▶ [Exercise inputs]:
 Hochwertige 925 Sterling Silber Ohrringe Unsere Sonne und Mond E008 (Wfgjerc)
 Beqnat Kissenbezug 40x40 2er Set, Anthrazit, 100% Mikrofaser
==
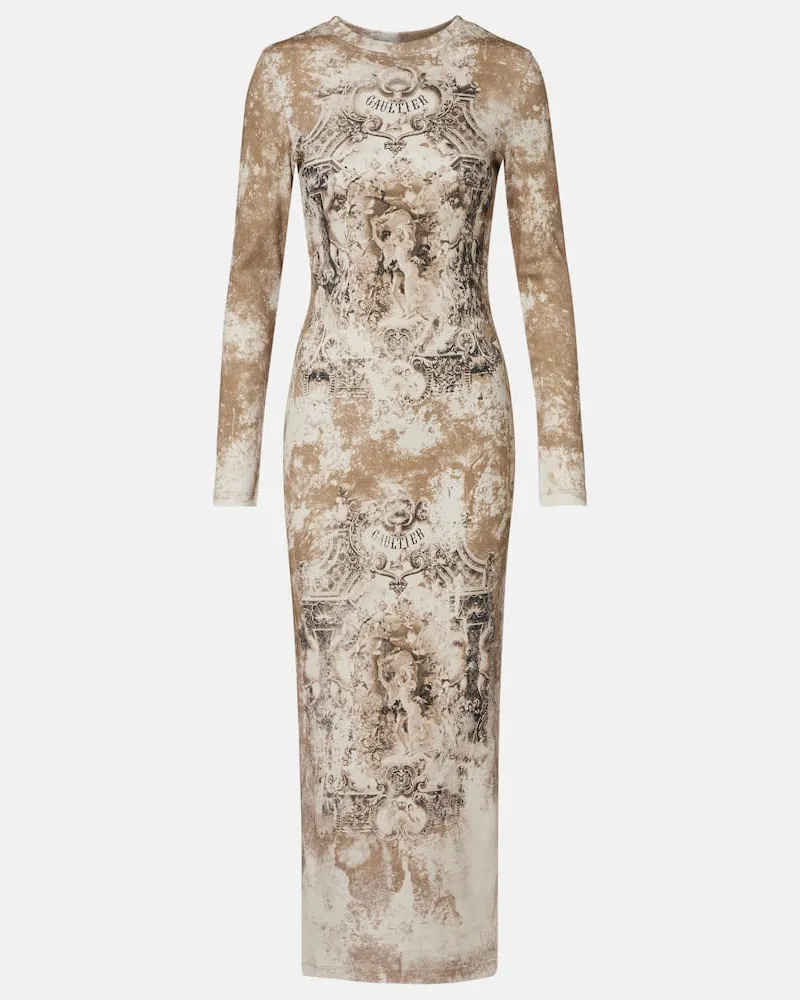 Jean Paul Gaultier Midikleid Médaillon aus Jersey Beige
---
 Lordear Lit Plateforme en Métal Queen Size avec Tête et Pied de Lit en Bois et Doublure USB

▶ [What to do]:
The response should be the listing above, limited to the lines between the one holding "Hochwertige 925 Sterling" and the one holding "Beqnat Kissenbezug 40x40", inclusive, reproduced exactly.

▶ [Written response]:
 Hochwertige 925 Sterling Silber Ohrringe Unsere Sonne und Mond E008 (Wfgjerc)
 Beqnat Kissenbezug 40x40 2er Set, Anthrazit, 100% Mikrofaser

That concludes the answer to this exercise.